The claims allege that as a result of the "intentional and/or negligent conduct" that caused the boy's death, the parents suffered "loss of financial support, gifts or benefits, funeral and burial expenses, the reasonable value of household services Andy would have provided and the loss of his love, companionship, comfort, care, assistance, protection, affection, society and moral support."
The three claims seek unspecified monetary damages.
The claim on behalf of Lopez's estate seeks damages, losses and the imposition of punitive damages "against the deputies that shot and killed him."
Only sheriff's Deputy Erick Gelhaus shot Lopez as he walked down Moorland Avenue with a toy AK-47 rifle that Gelhaus believed was an authentic assault rifle, Santa Rosa police said.
Lopez was shot seven times and died at the scene. The identity of the other deputy has not been released.
Sonoma County Counsel Bruce Goldstein said the filing of the civil rights lawsuit in San Francisco makes the three wrongful death claims premature.

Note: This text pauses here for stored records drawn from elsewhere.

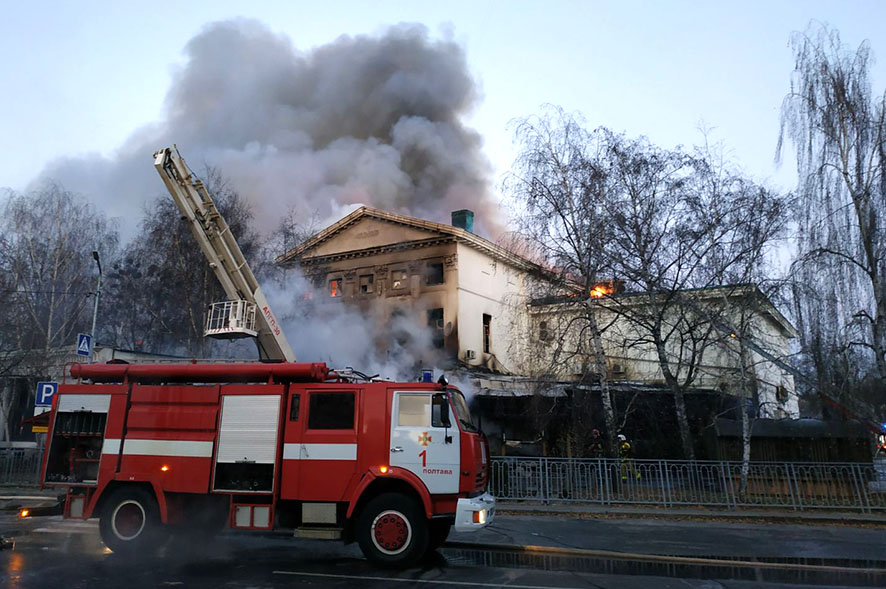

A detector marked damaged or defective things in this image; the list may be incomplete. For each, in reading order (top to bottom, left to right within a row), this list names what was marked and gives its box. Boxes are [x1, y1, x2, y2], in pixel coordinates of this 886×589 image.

broken window [392, 270, 410, 290]
broken window [428, 262, 448, 284]
broken window [428, 308, 444, 350] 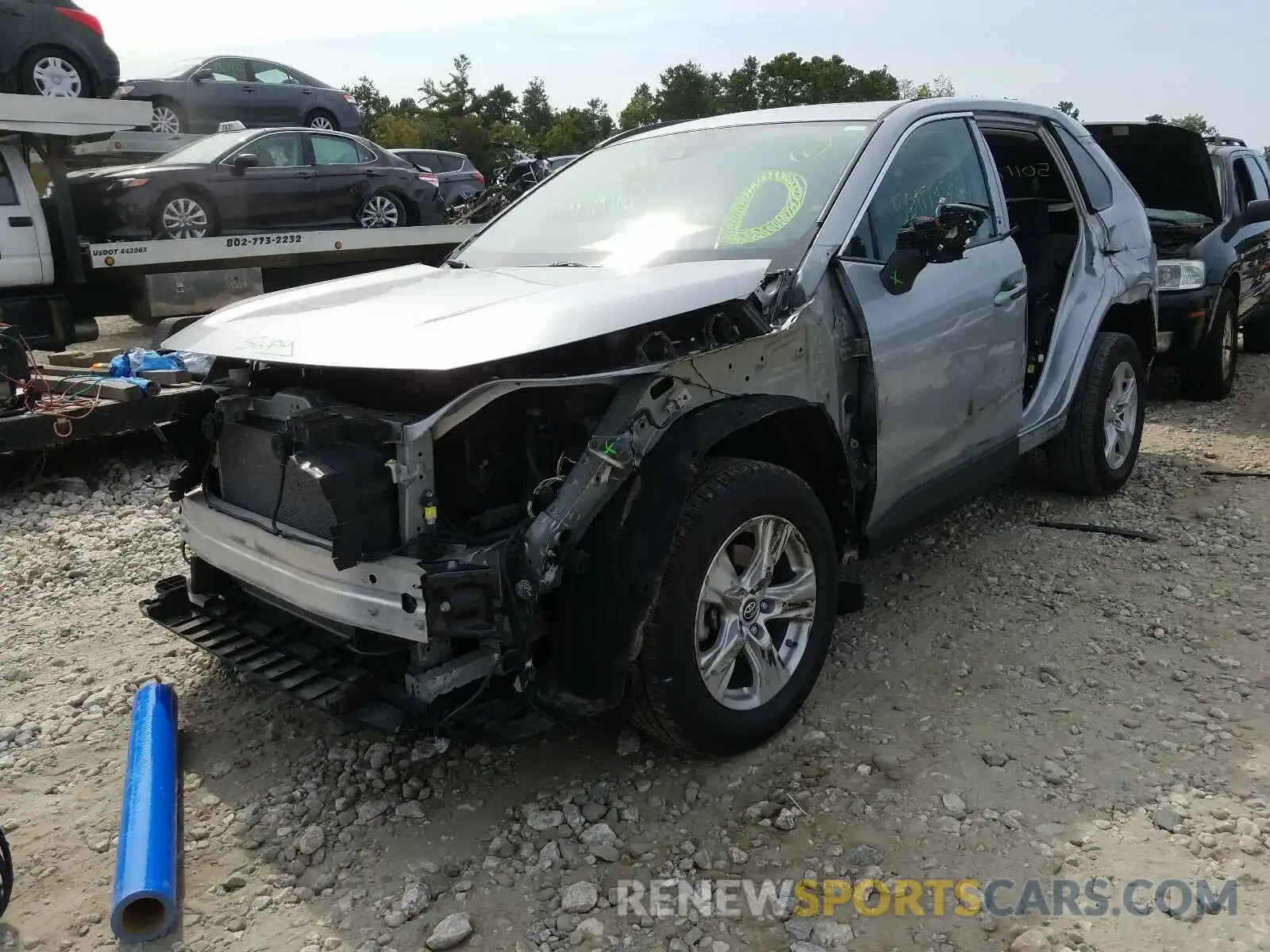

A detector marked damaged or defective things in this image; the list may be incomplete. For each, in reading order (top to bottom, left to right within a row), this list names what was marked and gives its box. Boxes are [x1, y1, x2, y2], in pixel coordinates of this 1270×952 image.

silver damaged suv [146, 97, 1153, 751]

"The filing of the claims is not unusual. They are a little quick but not unexpected," Goldstein said.
"The filing of a civil rights lawsuit before the criminal investigation (by the Santa Rosa and Petaluma police departments) is unusual," Goldstein said.
"The lawsuit could interfere with the investigation," he said.

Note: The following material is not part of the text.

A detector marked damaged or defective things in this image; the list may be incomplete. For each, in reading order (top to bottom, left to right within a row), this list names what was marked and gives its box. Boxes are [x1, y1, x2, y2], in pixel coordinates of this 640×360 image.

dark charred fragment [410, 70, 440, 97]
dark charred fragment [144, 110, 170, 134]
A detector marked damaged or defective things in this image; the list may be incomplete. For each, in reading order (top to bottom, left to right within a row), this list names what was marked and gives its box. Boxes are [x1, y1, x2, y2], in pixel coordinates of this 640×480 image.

The county has 45 days to respond to the three wrongful death claims, Goldstein said.
The civil rights lawsuit, not the three wrongful death claims, will be the primary civil action regarding the wrongful death issues, Goldstein said.
The three wrongful death claims state Andy Lopez was unarmed, posed no risk of threat to the deputies or others and was shot without cause or provocation.

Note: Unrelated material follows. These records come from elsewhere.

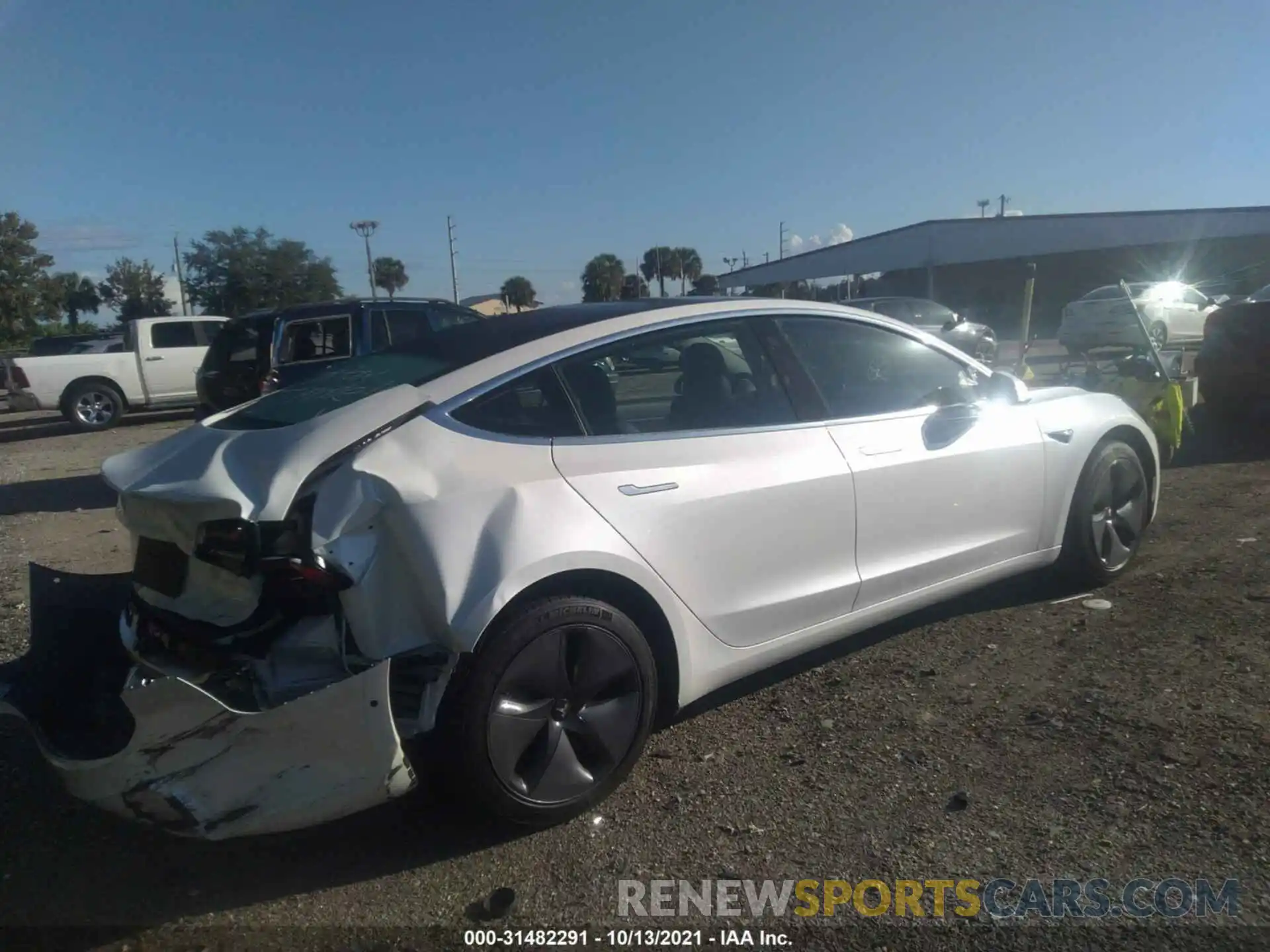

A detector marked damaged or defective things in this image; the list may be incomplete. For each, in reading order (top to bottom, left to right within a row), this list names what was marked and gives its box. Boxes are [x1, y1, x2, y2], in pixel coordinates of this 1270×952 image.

damaged rear bumper [0, 566, 416, 842]
exposed metal under bumper [0, 566, 416, 842] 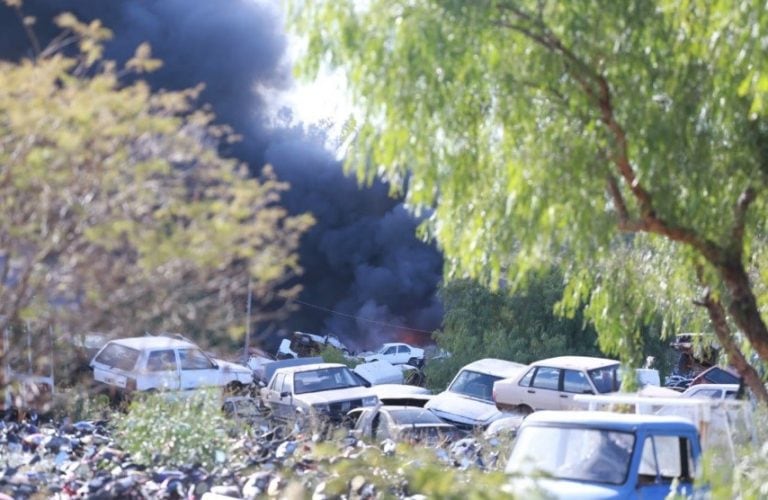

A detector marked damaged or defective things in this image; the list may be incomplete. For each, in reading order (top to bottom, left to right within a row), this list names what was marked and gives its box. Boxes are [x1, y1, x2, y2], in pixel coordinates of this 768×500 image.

wrecked car [89, 336, 252, 394]
wrecked car [258, 362, 378, 424]
wrecked car [348, 404, 462, 444]
wrecked car [424, 358, 524, 428]
wrecked car [504, 410, 704, 500] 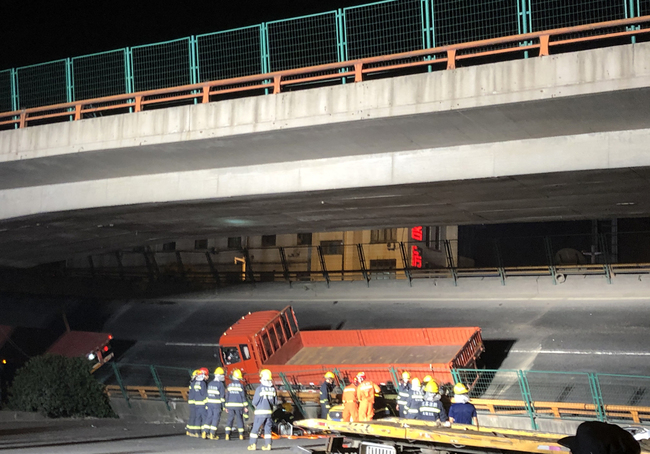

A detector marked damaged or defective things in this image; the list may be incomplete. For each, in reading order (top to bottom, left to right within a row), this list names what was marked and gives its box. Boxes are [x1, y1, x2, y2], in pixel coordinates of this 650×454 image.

overturned red truck [218, 306, 480, 386] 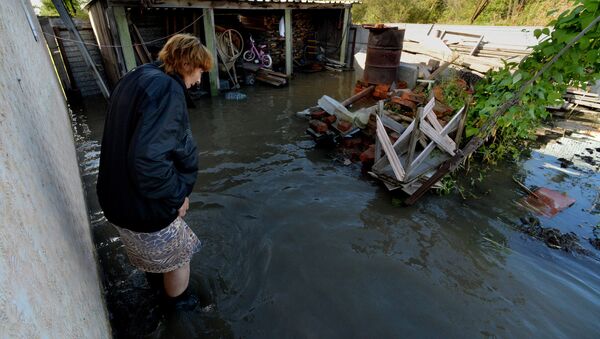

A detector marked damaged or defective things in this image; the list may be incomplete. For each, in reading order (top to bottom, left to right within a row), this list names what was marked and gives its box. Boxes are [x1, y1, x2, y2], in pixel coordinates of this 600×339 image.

The claims also allege the use of force was condoned by the sheriff's office.
"The sheriff's department's training encourages deputies to prematurely shoot suspects who pose no threat or danger to deputies or the public at large," the claims state.
It also is alleged the sheriff's office failed to develop and implement policies, procedures and training regarding the use of deadly force and proper tactics for pedestrian stops.
"As a result of the absences of these policies, procedures and training, the deputies involved in the underlying incident were not prepared to safely deal with the circumstances and improperly used unnecessary and unreasonable force against Andy Lopez Cruz," according to the claims.
The sheriff's office also is accused of negligently hiring and retaining the two deputies who "have had prior incidents of excessive force," and of failing to properly discipline them or terminate their employment. Both deputies are on paid administrative leave.
Goldstein said the allegations are "hyperbole that does a disservice to the dialog in the community that is trying to understand what happened."
Sonoma County Sheriff Steve Freitas would not comment on the allegations in the three wrongful death claims and he referred questions to the county counsel's office.